God, I'm 32. *shakes head* I don't feel 32. Hell, what's it supposed to feel like? All I know is that when I was a kid, my parents were in their 30s. They started early enough for my mom to have only turned 40 the year I graduated from high school, which is great for them, I suppose. (They have more than half their lives to live free of the obligations of child-rearing.) But to think that when my mom was my age, she had a 10-year-old and a 12-year-old, was living on a farm, owned horses, and had recently started a new career as a lab tech...well, that's not me at the same age. Sure, I've been married and divorced twice (*snickers* I don't know why that amuses me, but it does), but I have no kids, I'm still renting my apartment (with my boyfriend), and my career choice is: Cook. I don't really feel particularly grown-up, you know? Perhaps that's a trait that's not uncommon to my generation, but it still strikes me as odd.

I've been noticing lately that people my age seem to be falling rather neatly into two diverse groups: 1. Those who, like me, are still "finding themselves" and living the sort of life most would equate with people in their 20's, and 2. Those who've gotten married and are working on families, concentrating on buying/paying off homes, and attempting to follow This Are Serious Careers.

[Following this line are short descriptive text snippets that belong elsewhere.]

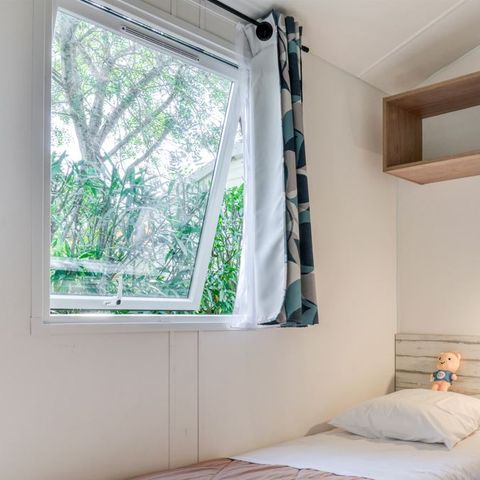 Stacaravan 4 personen - 2 slaapkamers - 4 personen, halfoverdekt terras, Clim TV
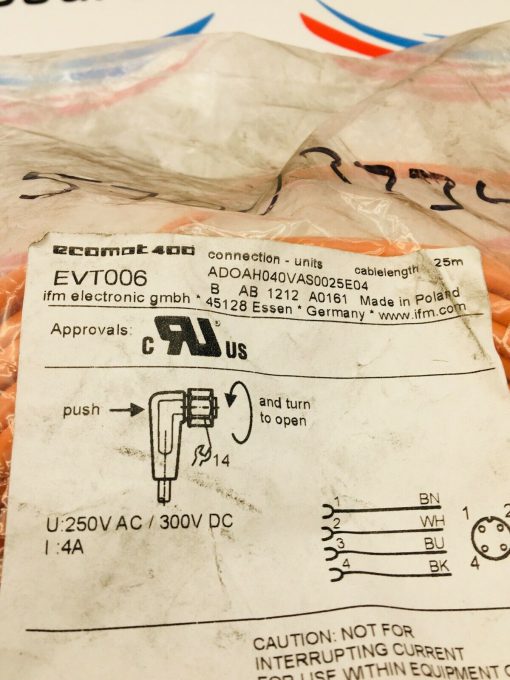 IFM EVT006 CONNECTING CABLE WITH SOCKET 250VAC/300VDC 4A 25M - Image 2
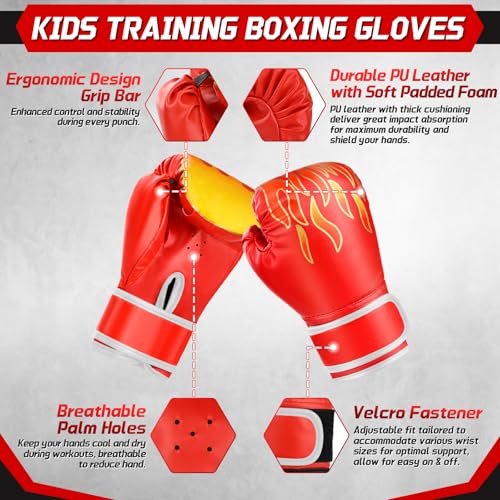 Kids Boxing Gloves and Punching Mitts Set with Hand Wraps A157163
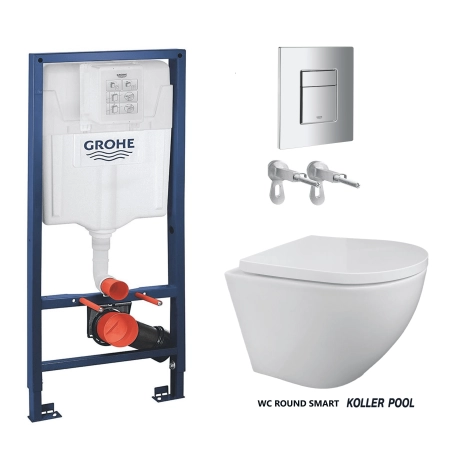 Bastidor GROHE pack cisterna empotrada y pulsador cromo brillo con inodoro suspendido ROUND blanco 49 cm de KP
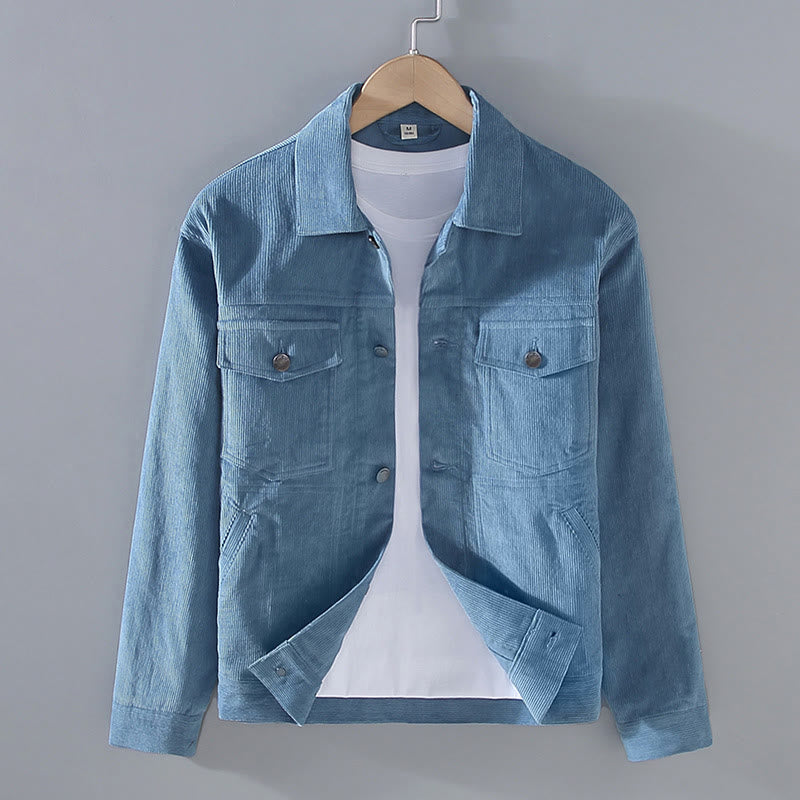 Chaqueta de algodón para hombre, con diseño de botones, manga larga y bolsillos, con estampado de Buddha Stones - Azul acero - US/UK/AU42, EU52 (3XL) - image 8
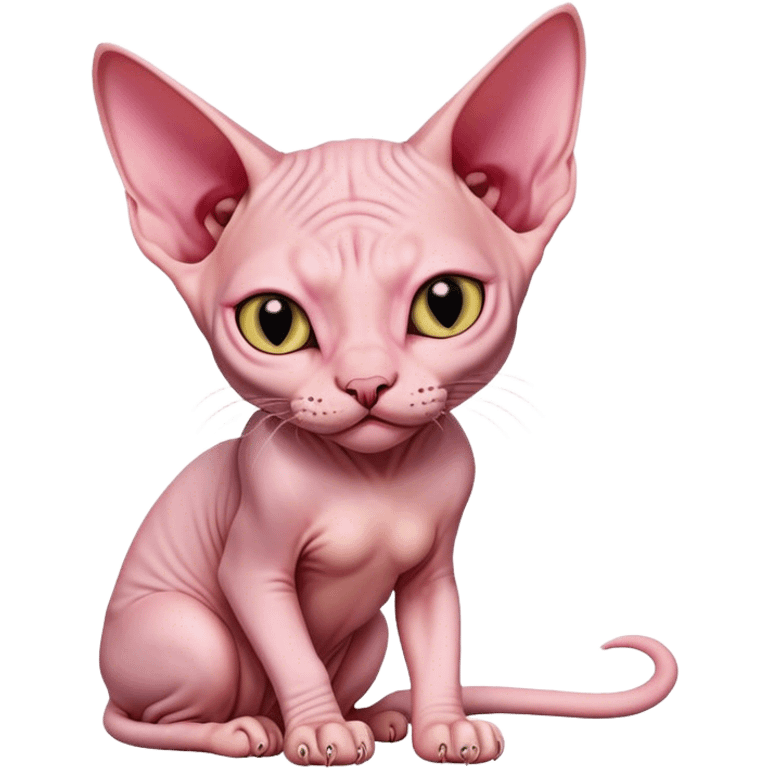 Sphynx cat full body play position emoji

Not saying there's anything at all wrong with option 2, but it's definitely not my style. I like stability, oh indeed I do, but I don't feel it has to come with 18-20 years of extra responsibilities and stress attached. For some people, having and raising children is the ultimate expression of their love and their desire to contribute to the world. For me, the ultimate expression of my love and desire to contribute to the world is to be the very best friend, cook, girlfriend, and person I can be. I know, that theme has come up rather often in my (ha ha) recent posts, but my opinion hasn't changed at all in the last year. If anything, it's solidified into a bona-fide core belief.

Considering all the good it's brought me, I can't say it's been anything other than the right decision for me.

Anyway...right. Gonna go read an old blog now.